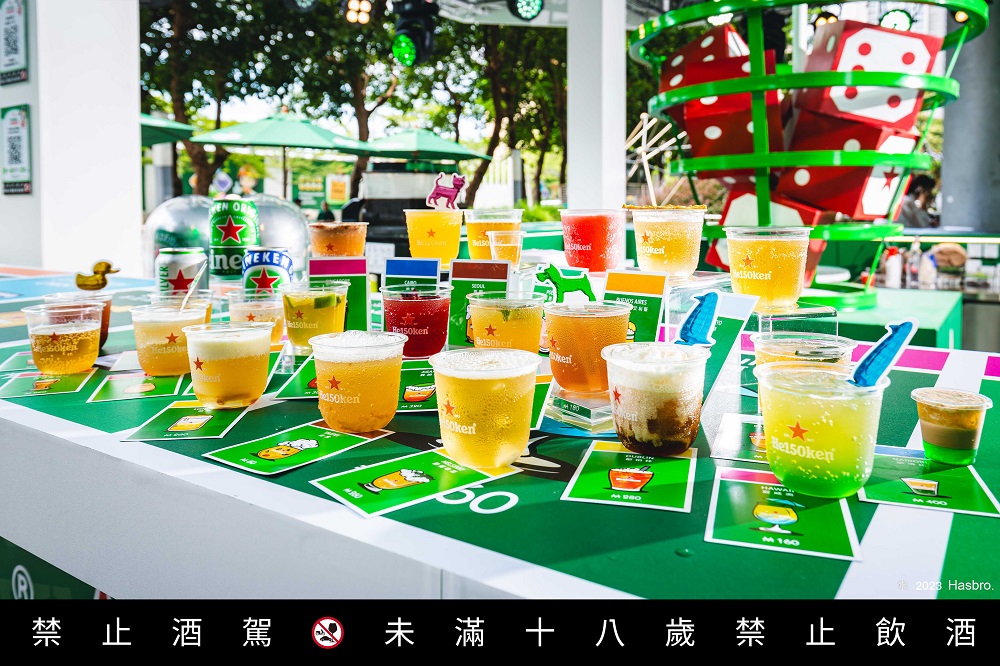 海尼根150週年首度跨界 MONOPOLY 城市遊樂場周末快閃搶先直擊 248 海尼根150週年首度跨界 MONOPOLY 城市遊樂場周末快閃搶先直擊 247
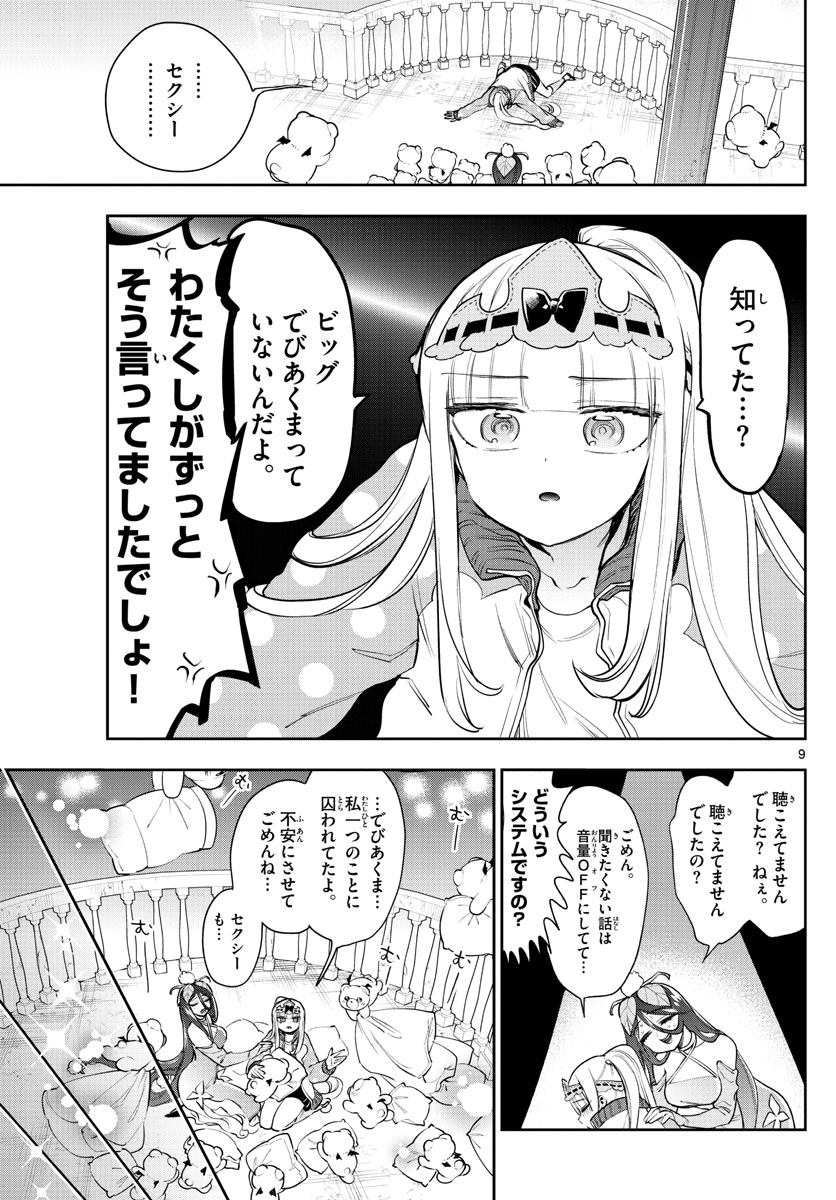 魔王城でおやすみ - raw - 第262話 - https://jpee.aabb.to/JPEE/3426/1f20vnyxja3.jpg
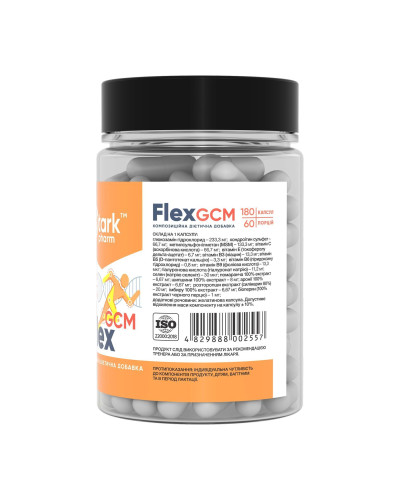 Хондропротектор, Stark Flex GCM - 180tabs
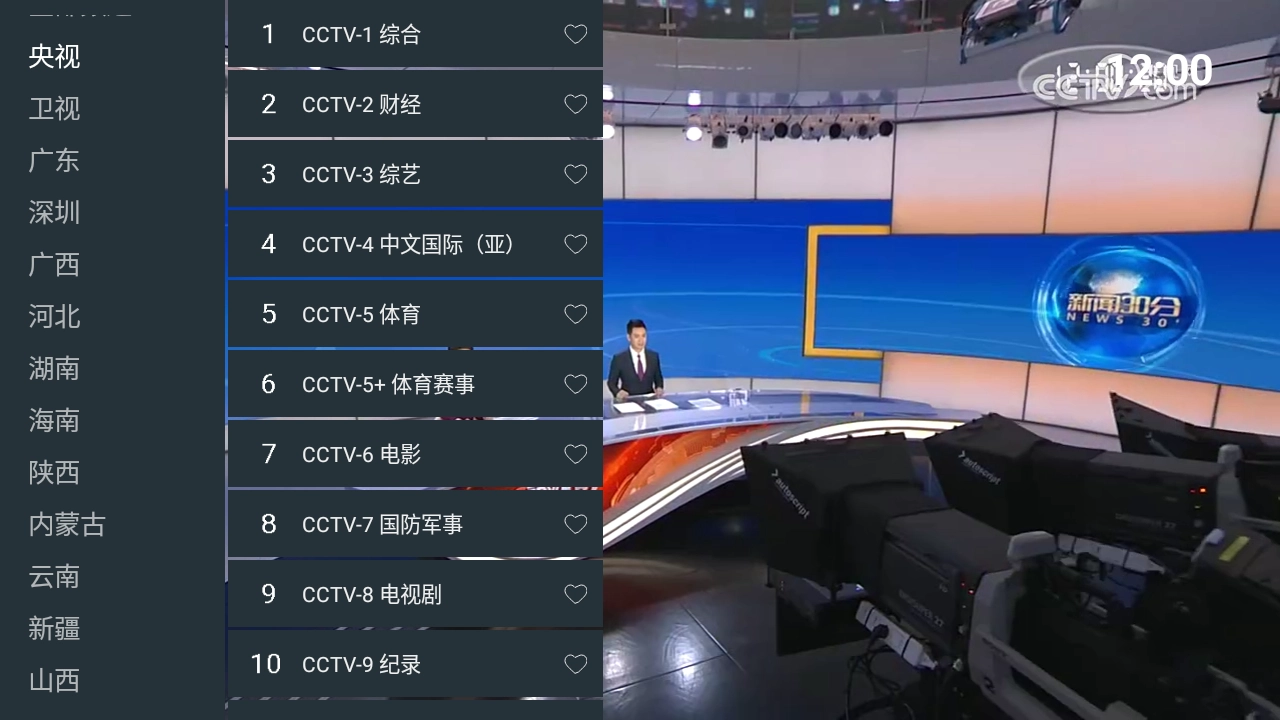 宝盒tv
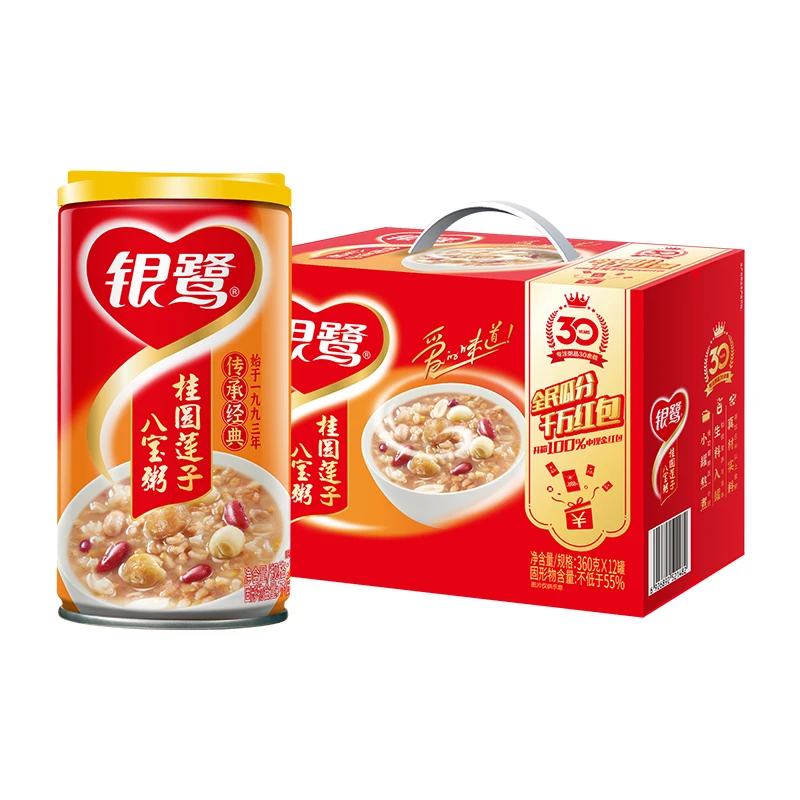 日期新鲜 银鹭桂圆莲子八宝粥360gx12罐整箱代餐即食营养速食粥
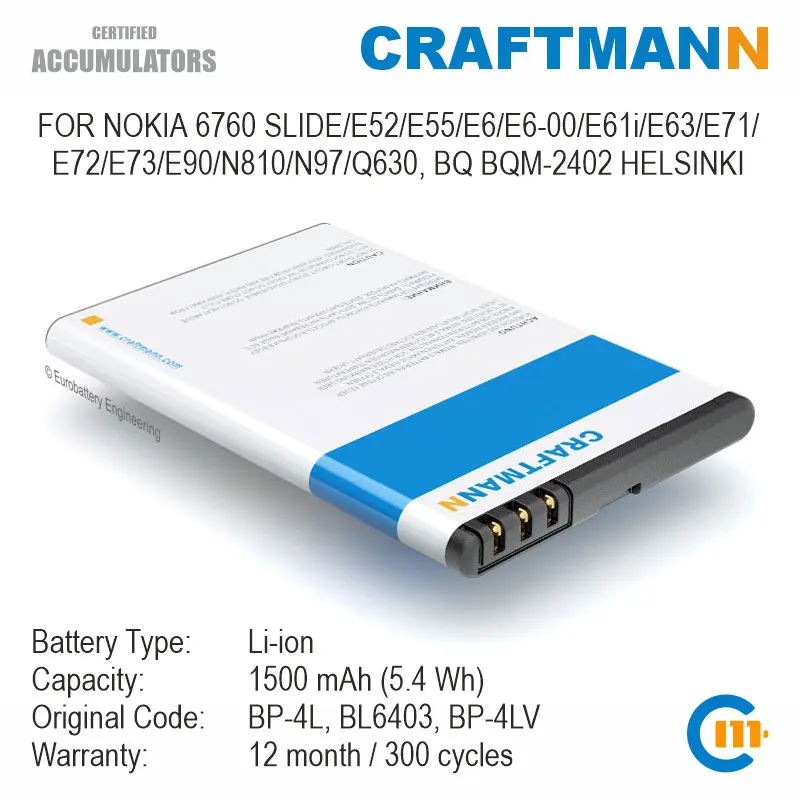 Аккумулятор для Nokia 6760 SLIDE/E52/E55/E6/E6 00/E61i/E63/E71/E72/E73/E90/N810/N97/Q630 BQ BQM 2402 Хельсинки (BP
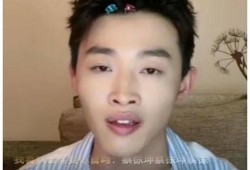 肖战杨紫圈内主播爆料,揭秘娱乐圈幕后故事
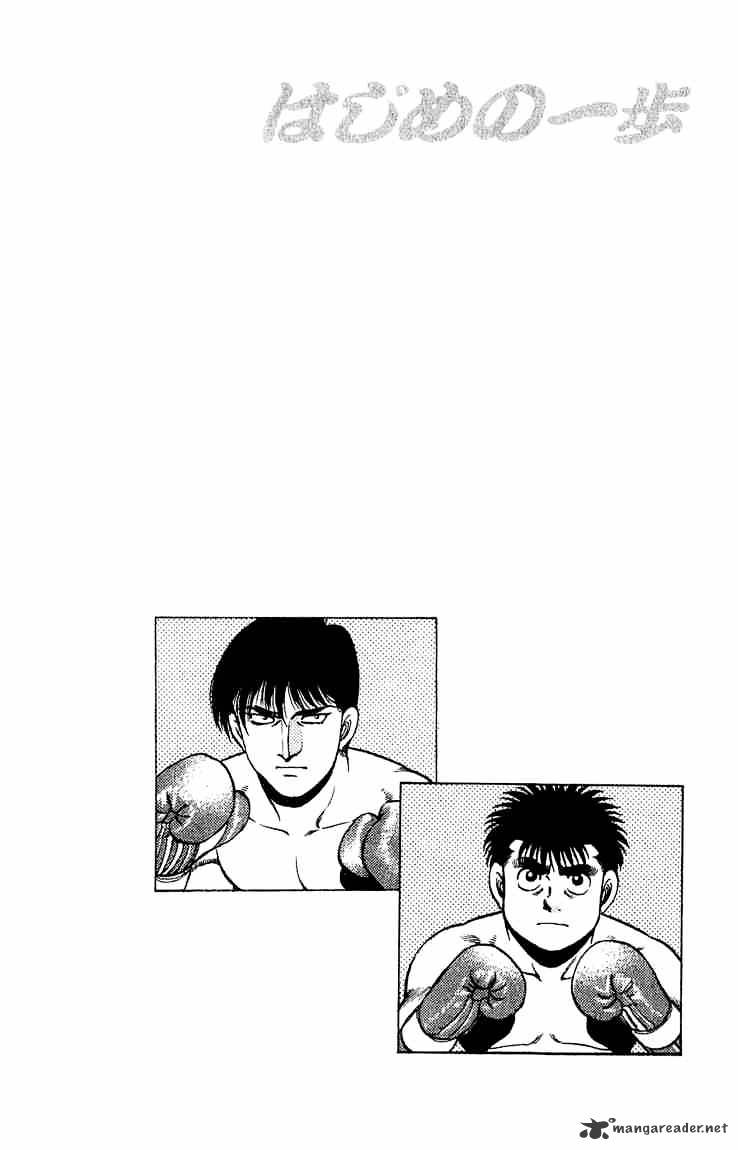 Page 20 of Chapter 119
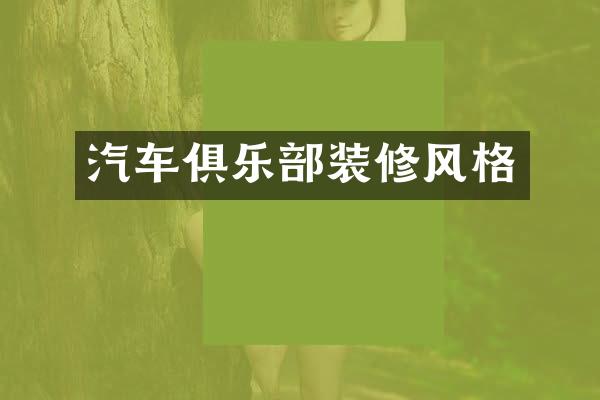 汽车俱乐部装修风格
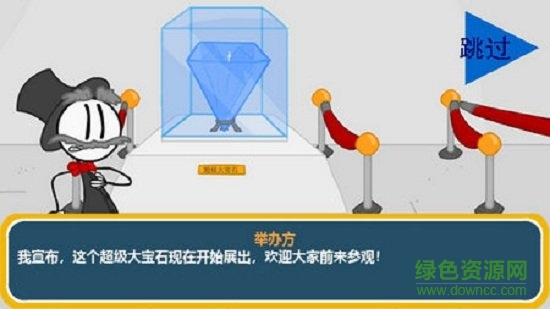 火柴人智取鉆石手游下載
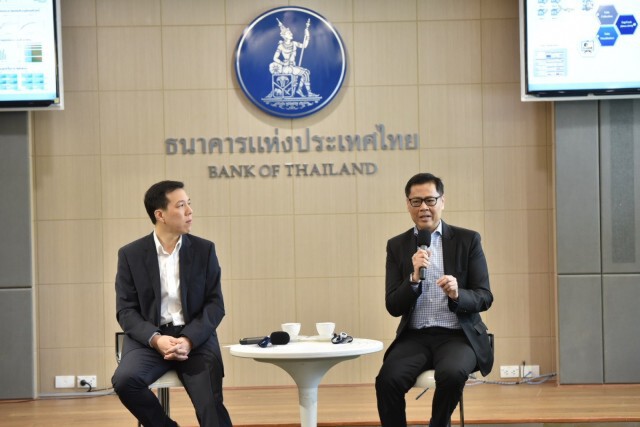 'แบงก์ชาติ'ยกเครื่องการรายงานข้อมูลของสถาบันการเงินแห่งแรกในเอเชีย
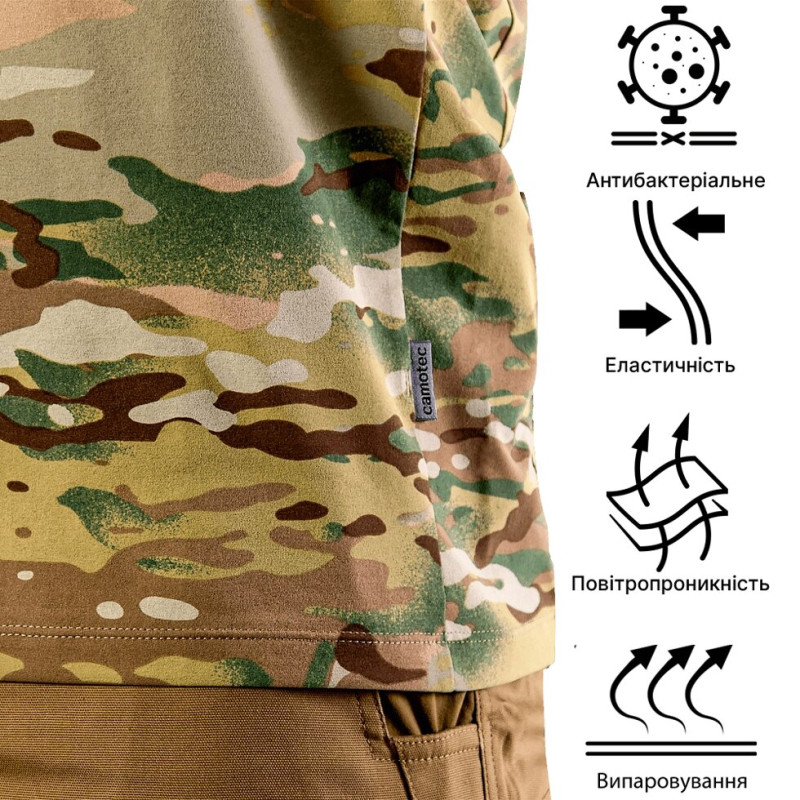 Футболка Totem Logo Multicam (8317), M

[The task] Repeat exactly the lines above, from the line containing "Хондропротектор, Stark Flex GCM - 180tabs" through the last line of the records, inclusive; omit any pictures.

[Task response]
 Хондропротектор, Stark Flex GCM - 180tabs
 宝盒tv
 日期新鲜 银鹭桂圆莲子八宝粥360gx12罐整箱代餐即食营养速食粥
 Аккумулятор для Nokia 6760 SLIDE/E52/E55/E6/E6 00/E61i/E63/E71/E72/E73/E90/N810/N97/Q630 BQ BQM 2402 Хельсинки (BP
 肖战杨紫圈内主播爆料,揭秘娱乐圈幕后故事
 Page 20 of Chapter 119
 汽车俱乐部装修风格
 火柴人智取鉆石手游下載
 'แบงก์ชาติ'ยกเครื่องการรายงานข้อมูลของสถาบันการเงินแห่งแรกในเอเชีย
 Футболка Totem Logo Multicam (8317), M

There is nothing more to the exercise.